Detailed documentation of the available API endpoints can be found in the documentation/api/ directory.
This boilerplate is ment to be a basis for building applications and not a full featured application, thus it has minimal out of the box features.
It does come with a user account management system, which is detailed below.
NOTE: all configurations for this system are located in the config/userAccountConfig.json file.
When a user registers an account, the user's information will be temporarily stored in the cache, until the user activates the account, via the email sent to the address provided as part of the registration data.
An activation token will be generated and associated with the user's data.
This token will be stored in the cache and set to automatically expire after 24 hours.
The amount of seconds the activation token will be valid is defined in the accountRegistration.tokenDurationInSeconds property of the config file.
NOTE: the user's password is hashed before being stored in the cache.
After an account is registered, an activation email is sent to the user with an URL.
This URL is built based on the domain.*RootUrl and accountRegistration.activationRelUrl properties of the config file.
When a request is made to the relevant API endpoint with an email-token pair, the data associated with that token will be removed from the cache and an entry will be inserted into the DB, where an ID will be assigned to this user.

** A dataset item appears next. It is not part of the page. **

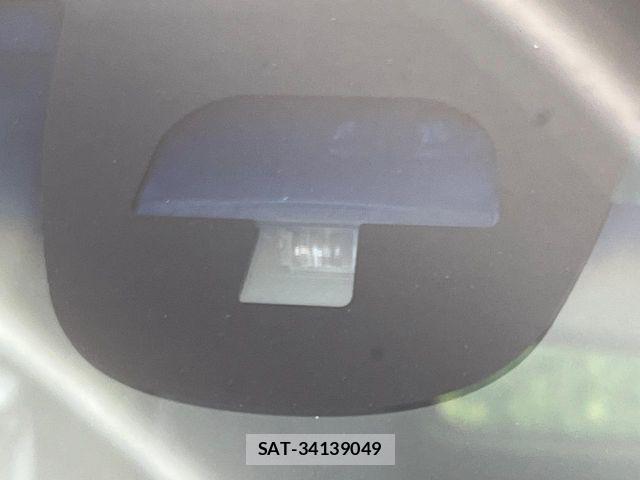 Honda N BOX 2016-02 8208987-4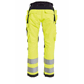 TRA63278194-Dame_Rel 632781_2.png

On a successfull activation, a confirmation email will be sent to the user, with a URL to the login page.
This URL is built based on the domain.*RootUrl and accountActivation.loginRelUrl properties of the config file.
When a request is made to the relevant API endpoint with an email-password pair, a session will be created to facilitate authentication in future requests.

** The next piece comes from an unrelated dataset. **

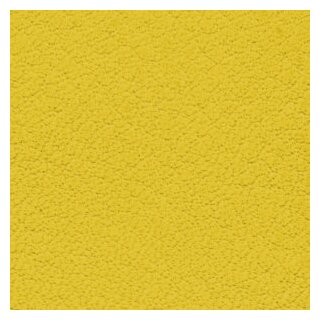 Ecopell Nappa Bioleder 260 - honey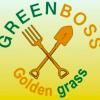 Greenboss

The session will be stored in the cache, and set to automatically expire after 6 hours.
The amount of seconds the session will remain active is defined in the login.sessionDurationInSeconds property of the config file.
The response sent to the login HTTP request will contain a cookie with the session ID, which should be sent in all future requests.
The name of the cookie is defined in the login.cookieName property of the config file.
The session expressJS middleware, located in the webServer/middleware/session.ts file, will check if a session ID was sent with the request.
If a session ID was sent, then a check will be made to see if the user's data was changed since that session was created.
If any of the user's data was changed since then, the session will be terminated, requiring the user to login again.
When a request is made to the relevant API endpoint with an email address, a password reset token will be generated and stored in the cache, set to automatically expire after 1 hour.
The amount of seconds the token will remain valid is defined in the lostPassword.tokenDurationInSeconds property of the config file.
An email will be sent to that address with a URL to the page where the user can insert the new password.
This URL is built based on the domain.*RootUrl and lostPassword.pwResetRelUrl properties of the config file.
NOTE: if all the code runs, the response to the HTTP request will always have a status code of 200 whether an activated user account exists for the provided email address or not.
When a request is made to the relevant API endpoint, the new password will be hashed and the associated user data in the DB will be updated.
On a successfull update, a confirmation email will be sent to the user.